_Work order_
The task calls for an exact retyping of the lines from the one holding "NOA 16 loft - 1" through the end of the listing, with pictures omitted and nothing added.

_Input data_
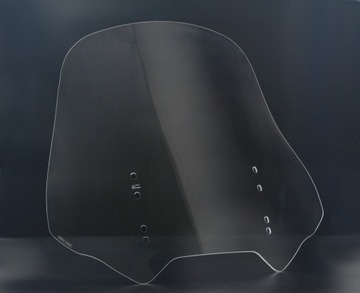 Szyba turystyczna Honda ST-1300 2002-2013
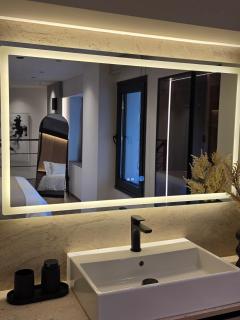 NOA 16 loft - 1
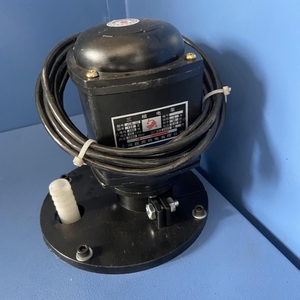 自动磨床M7132 M7140最佳价格两轴Plc数控自动移动平面磨床 - Product Image 6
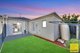 Photo - 16B Cortland Street, Wyndham Vale VIC 3024 - Image 17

_Result of this exercise_
 NOA 16 loft - 1
 自动磨床M7132 M7140最佳价格两轴Plc数控自动移动平面磨床 - Product Image 6
 Photo - 16B Cortland Street, Wyndham Vale VIC 3024 - Image 17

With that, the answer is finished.